■ Records for this exercise:
[Start of Attachment]
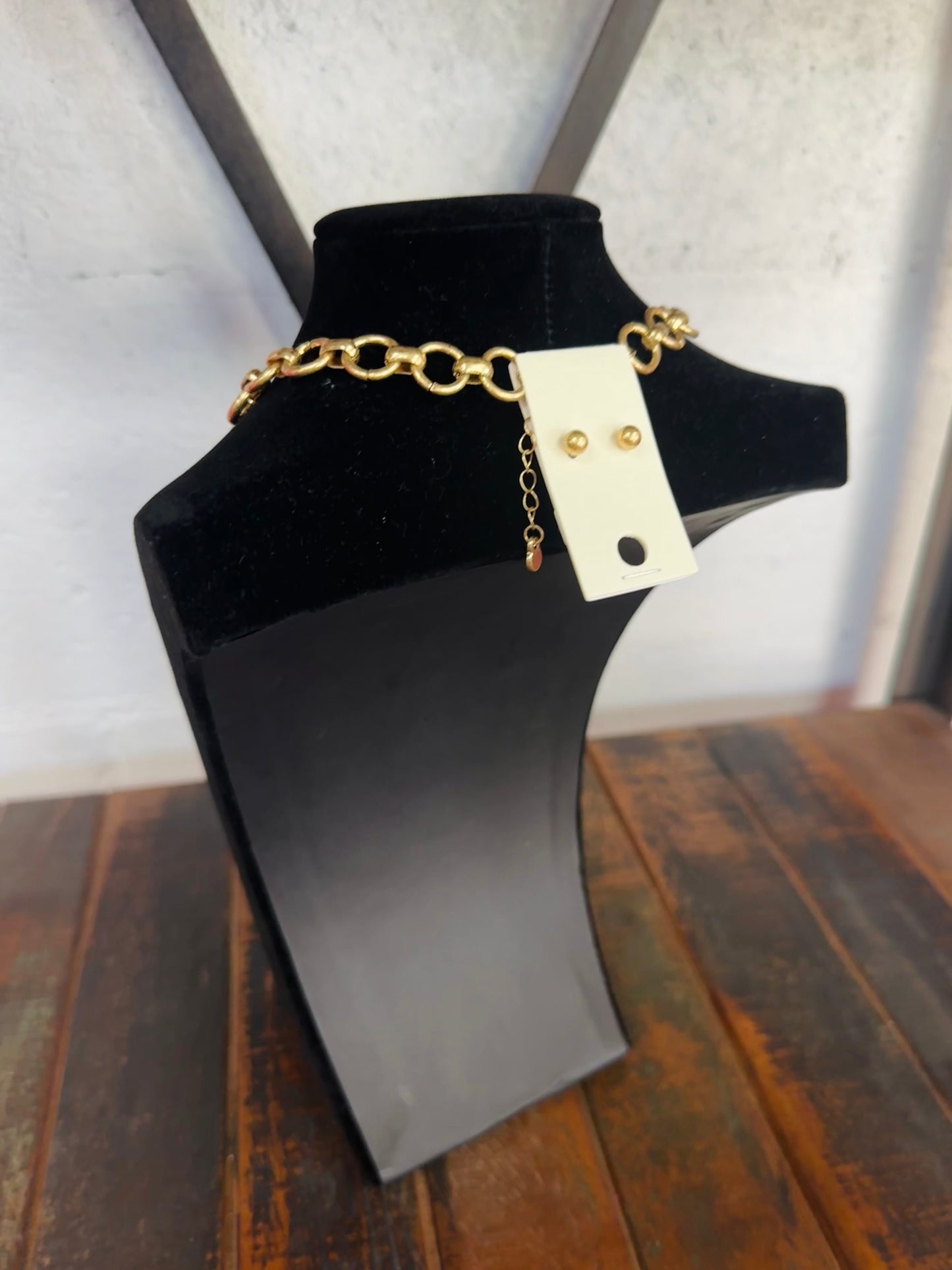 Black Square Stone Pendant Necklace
[End of Attachment]
[Start of Attachment]
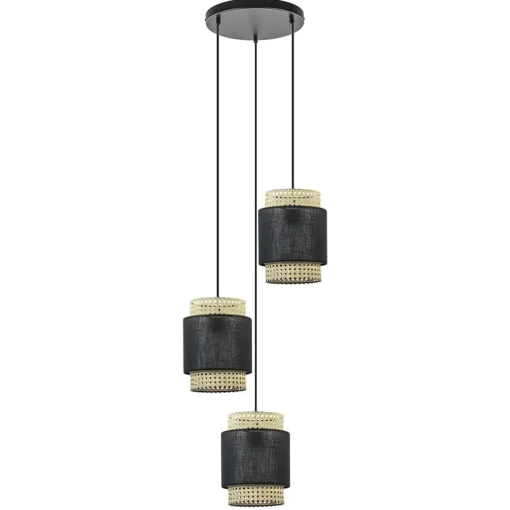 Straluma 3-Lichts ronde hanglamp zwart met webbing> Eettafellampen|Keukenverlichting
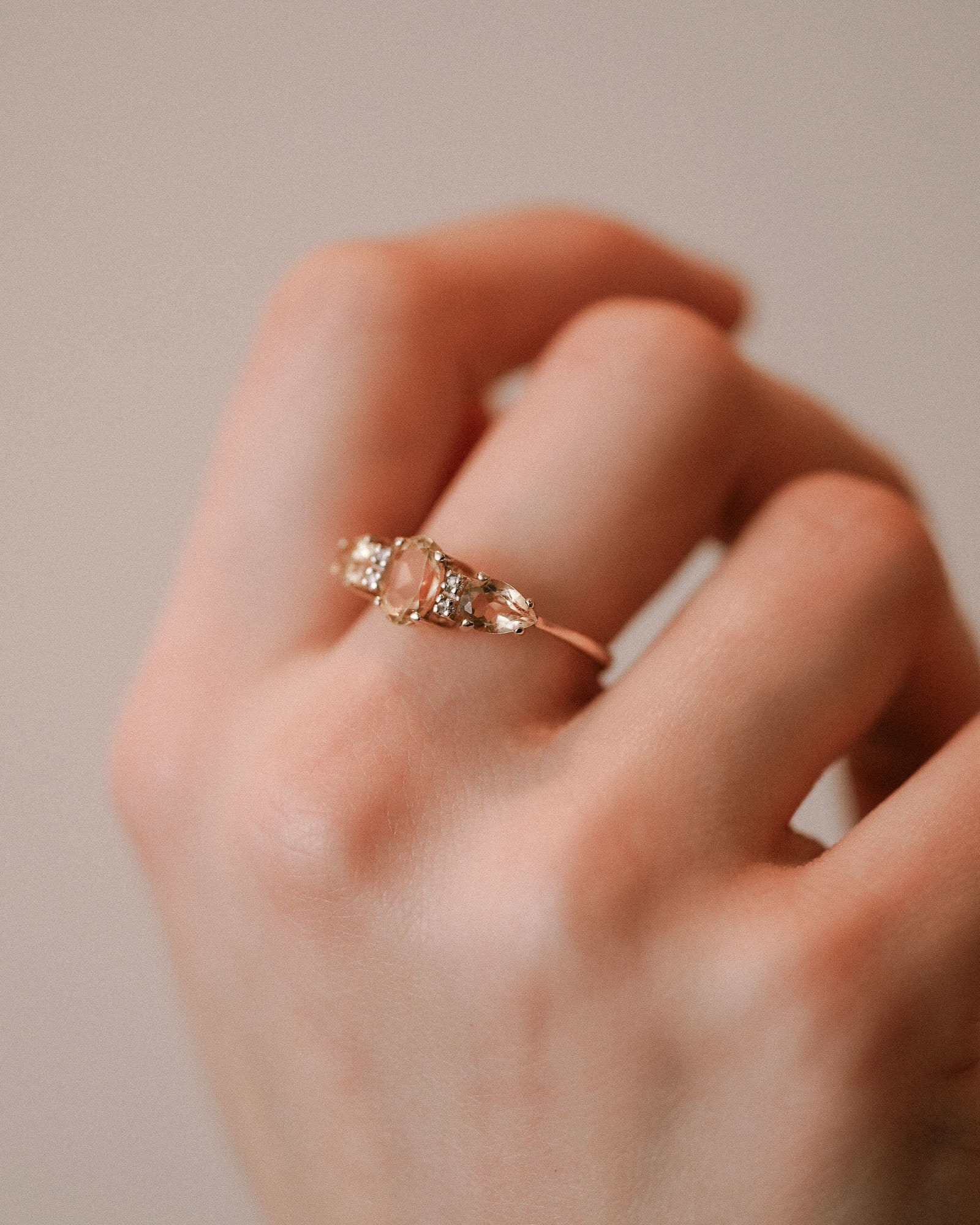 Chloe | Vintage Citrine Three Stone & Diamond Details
[End of Attachment]
Take the material above from the line containing "Straluma 3-Lichts ronde" up to and including the line containing "Chloe | Vintage" and retype it exactly, without any pictures.

■ Expected answer:
 Straluma 3-Lichts ronde hanglamp zwart met webbing> Eettafellampen|Keukenverlichting
 Chloe | Vintage Citrine Three Stone & Diamond Details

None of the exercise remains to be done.